Eventually, demoralised by my scrappy notes, I stopped struggling. And then, as you might guess, it came. A beginning. Maybe not the beginning, but a beginning I can work with. For me, having a workable beginning is like a composer deciding on a key signature. If you pick the wrong one, it's never going to sound right. Like using a minor scale to write a happy song.
* I did two whole-day workshops this week with the Youth Literature Days run by the fabulous Fremantle Children's Literature Centre. I love doing these workshops, although somehow discussion of the battles of writing doesn't come about - maybe because for most of these kids, they're so full of words, images and snap, crackle and pop that struggle is a way off.
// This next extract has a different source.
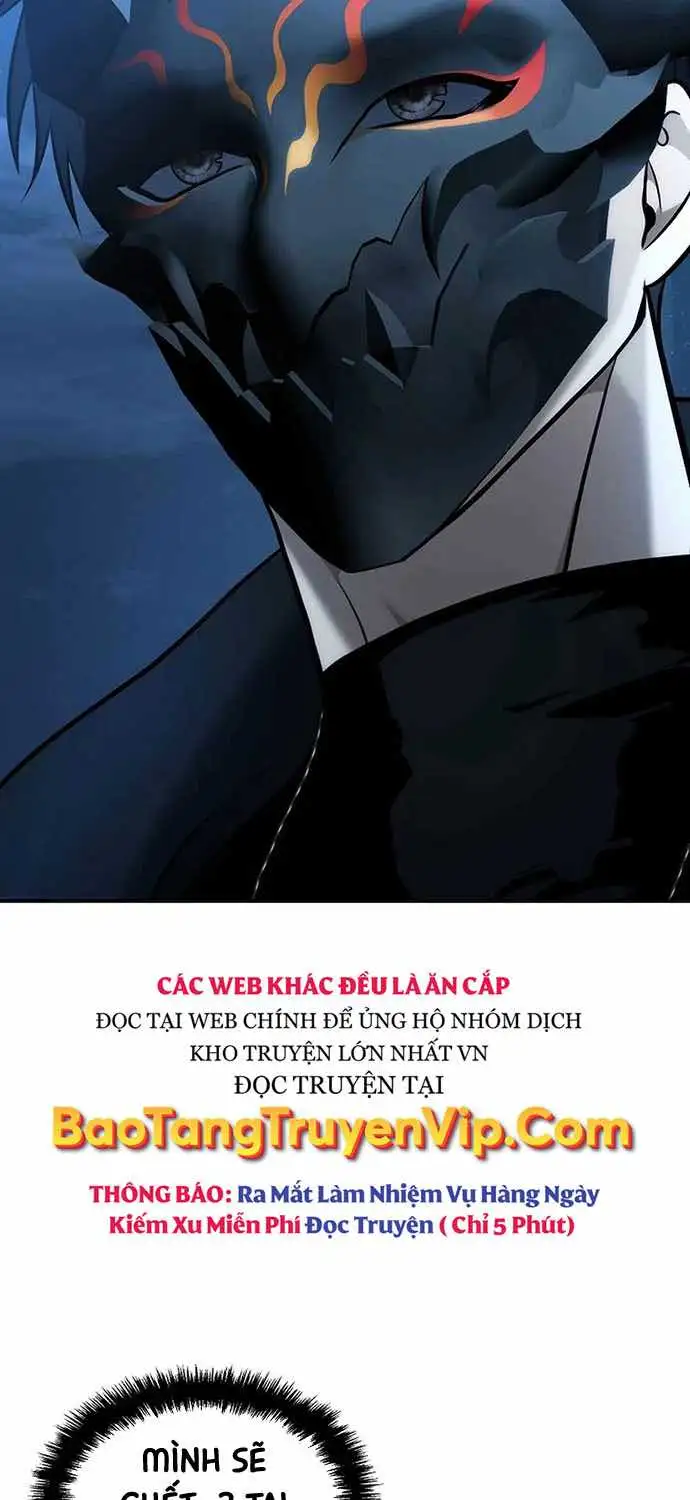 Truyện Tranh Vua Thăng Cấp trang 6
But the students did great work, concentrated work. I so wish they'd had programs like this when I was 14, 15. 16 - the luxury of guided writing, the value of hearing what your peers have done, knowing there are others like you out there.
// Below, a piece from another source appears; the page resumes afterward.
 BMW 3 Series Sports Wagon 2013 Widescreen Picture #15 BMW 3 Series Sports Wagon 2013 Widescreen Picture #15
* At the end of the last Youth Literature Day, a girl came up to me. She told me about her friend, who had had a terrible home life, had really struggled with some serious, serious problems. 'Your book Skating the Edge was the only thing that stopped her from killing herself,' she said. 'My friend just wanted you to know.'
* My old touring buddy Bill Condon was one of the winners of the Premier's Literary Awards (on which subject, you really must read this). Really and honestly, it couldn't have happened to a nicer bloke. Bill is one of those people who has just been getting on with writing gritty, real, funny books for teenagers without fanfare. Excellent stuff all round.